▶ [REQUIREMENT]
Aim for an exact copy of the listing, without any images.

▶ [RECORDS FOR PROCESSING]
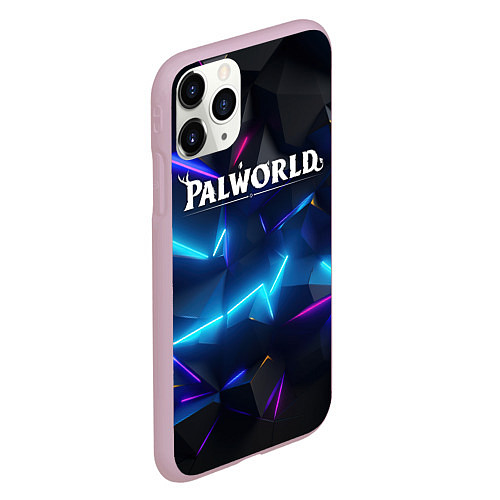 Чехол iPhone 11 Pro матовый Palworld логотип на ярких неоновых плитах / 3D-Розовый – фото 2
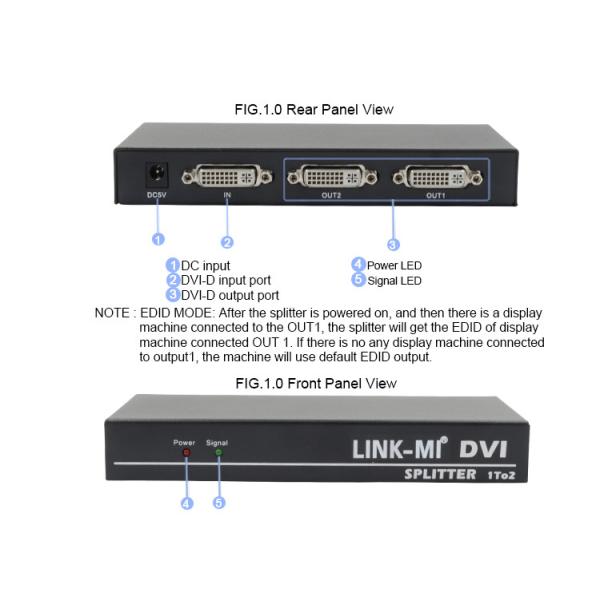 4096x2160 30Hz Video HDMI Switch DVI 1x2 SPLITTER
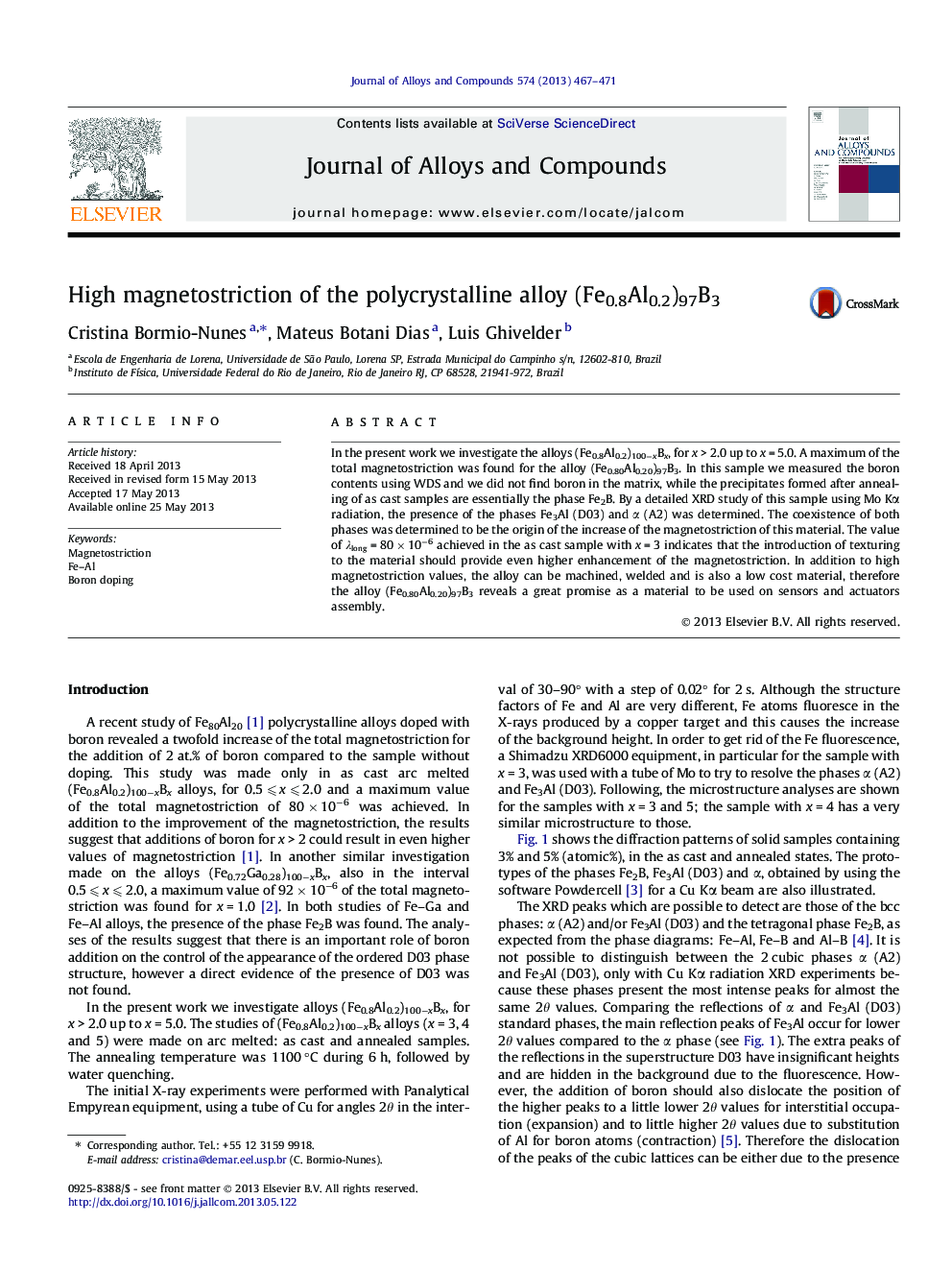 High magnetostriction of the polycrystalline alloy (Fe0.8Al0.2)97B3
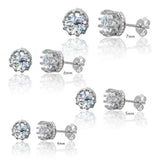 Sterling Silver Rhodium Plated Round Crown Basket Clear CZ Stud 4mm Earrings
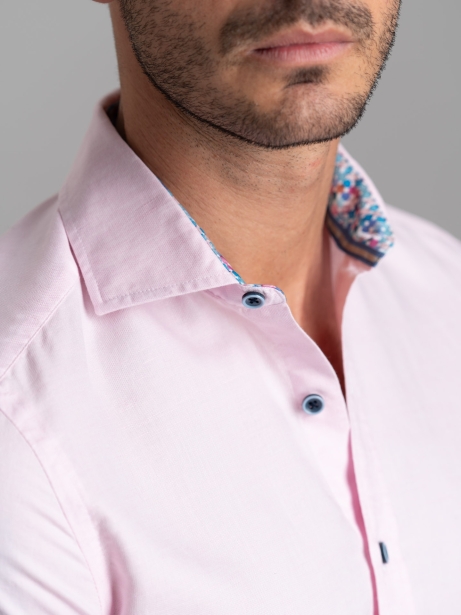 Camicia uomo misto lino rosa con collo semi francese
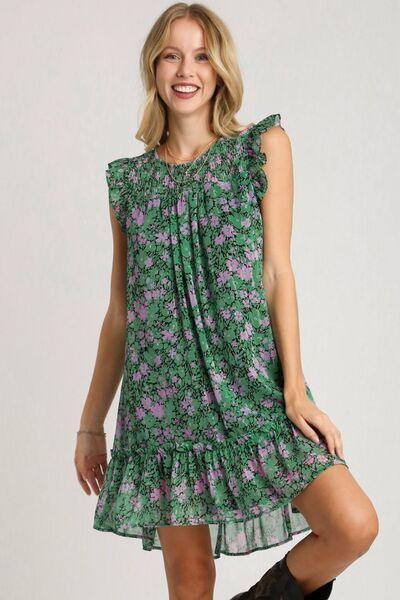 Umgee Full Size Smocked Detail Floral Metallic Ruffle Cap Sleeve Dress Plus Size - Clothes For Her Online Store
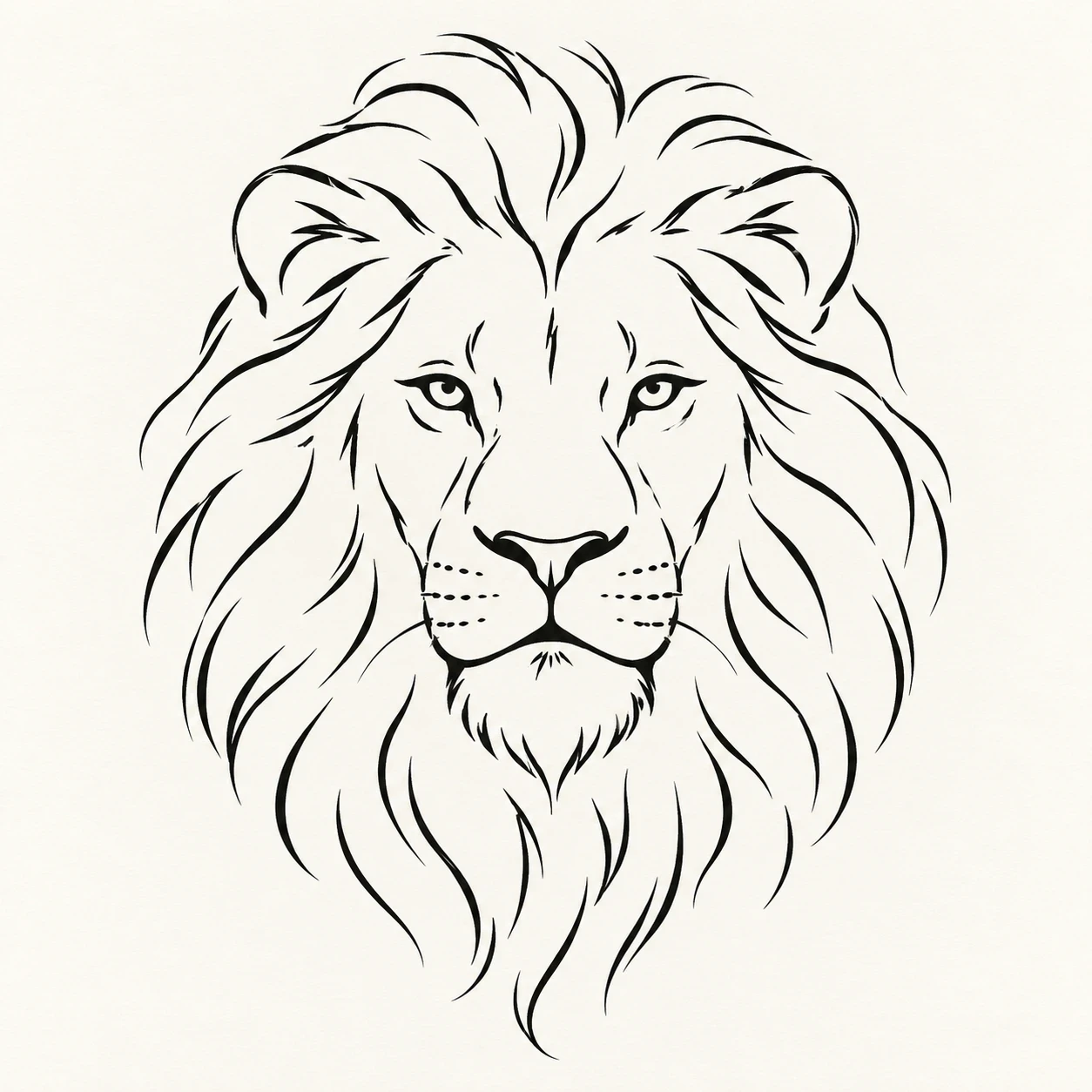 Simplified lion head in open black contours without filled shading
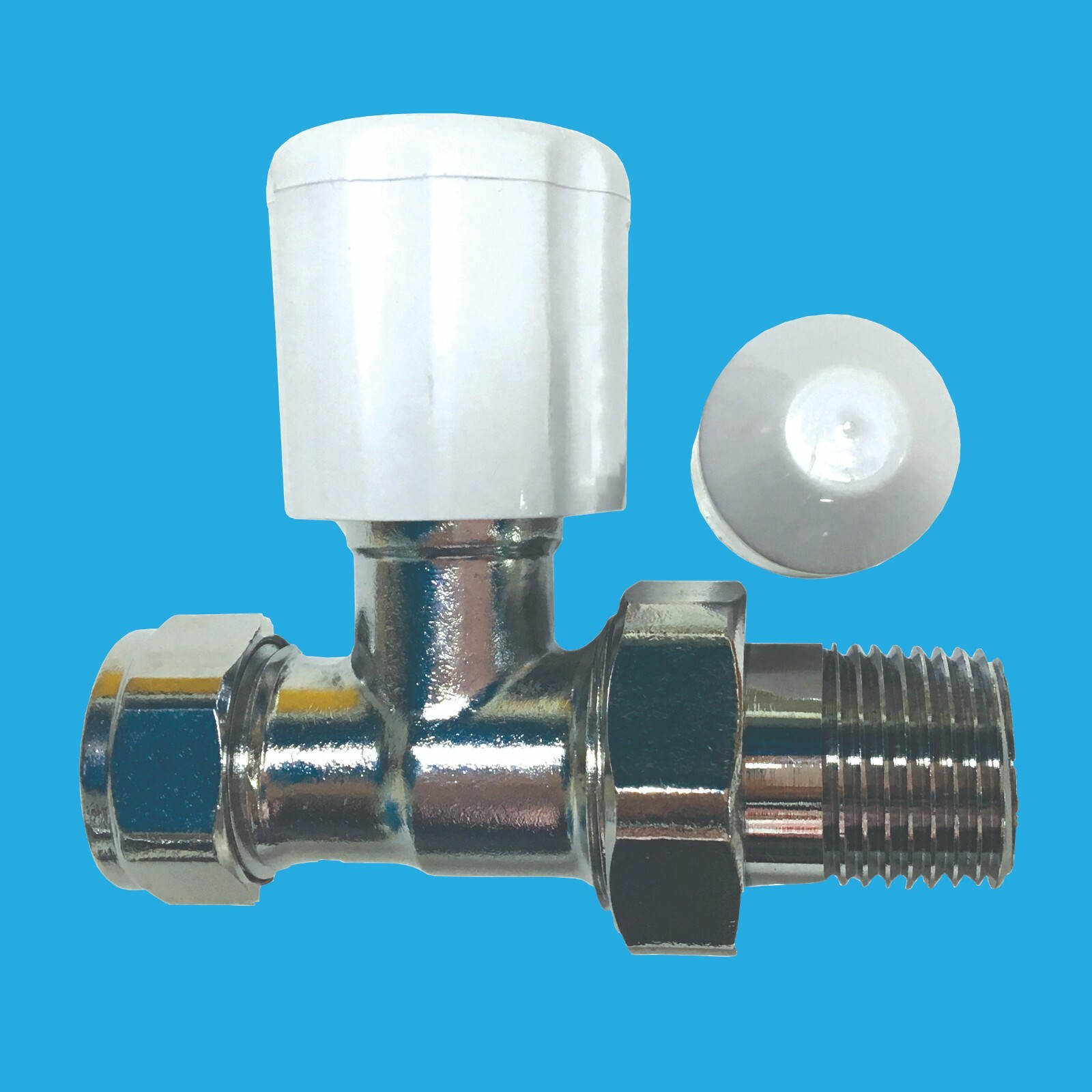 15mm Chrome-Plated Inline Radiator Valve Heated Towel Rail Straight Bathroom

▶ [RESULT OF THE EXERCISE]
 Чехол iPhone 11 Pro матовый Palworld логотип на ярких неоновых плитах / 3D-Розовый – фото 2
 4096x2160 30Hz Video HDMI Switch DVI 1x2 SPLITTER
 High magnetostriction of the polycrystalline alloy (Fe0.8Al0.2)97B3
 Sterling Silver Rhodium Plated Round Crown Basket Clear CZ Stud 4mm Earrings
 Camicia uomo misto lino rosa con collo semi francese
 Umgee Full Size Smocked Detail Floral Metallic Ruffle Cap Sleeve Dress Plus Size - Clothes For Her Online Store
 Simplified lion head in open black contours without filled shading
 15mm Chrome-Plated Inline Radiator Valve Heated Towel Rail Straight Bathroom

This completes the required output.